A critical success of Kempadoo’s absorbing study is its fresh articulation of the archive not as a simple repository of historical documents but as a rapidly evolving nexus of artistic perspective, rippling out from a shared history, manifesting itself in creative works that locate diasporic identity within a globalized world. Importantly, the fundamental objectives of the creole archive are not wholly unique to the Caribbean—they resonate globally with any place engaged in building national memory following occupation, violence, displacement, and decolonization.3 The archive, creole or otherwise, emphasizes collective remembering as an indispensable function of nation building.

 

Sebastian C. Galbo holds a BA in English from Niagara University and an MA in liberal/cultural studies from Dartmouth College. He serves on the editorial board for the NYU School of Medicine’s Literature, Arts, and Medicine Database (LitMed). Published and forthcoming reviews/articles appear in the Journal of Commonwealth Literature, Callaloo, and Transnational Literature.

 

1 Jacques Derrida, Archive Fever: A Freudian Impression, trans. Eric Prenowitz (Chicago: University of Chicago Press, 1998), 19.

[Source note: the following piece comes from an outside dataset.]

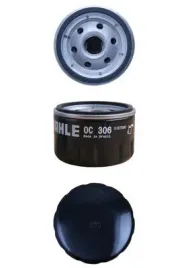 knecht-oc-306-filtr-oleju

2 Audre Lorde, The Black Unicorn: Poems (New York: Norton, 1995), 31.

3 One apposite example, Cambodia, is explored by the visual culture historian Michelle Caswell, whose recent work examines similar efforts to build a national archive following French colonial occupation and the Khmer Rouge genocide. The Cambodian archive houses the inmate mugshot photographs created by Khmer Rouge officials to document and process victims who were ultimately murdered. Using digital resources, the collection connects people with archival information about the victims of genocide, sometimes bringing “closure” for families concerning loved ones formally considered missing persons. Certainly, the creole and Cambodian archives respond to different historical circumstances, but both, being engaged in the act of witnessing and truth-telling, aim to effect historical accuracy and, ultimately, social change.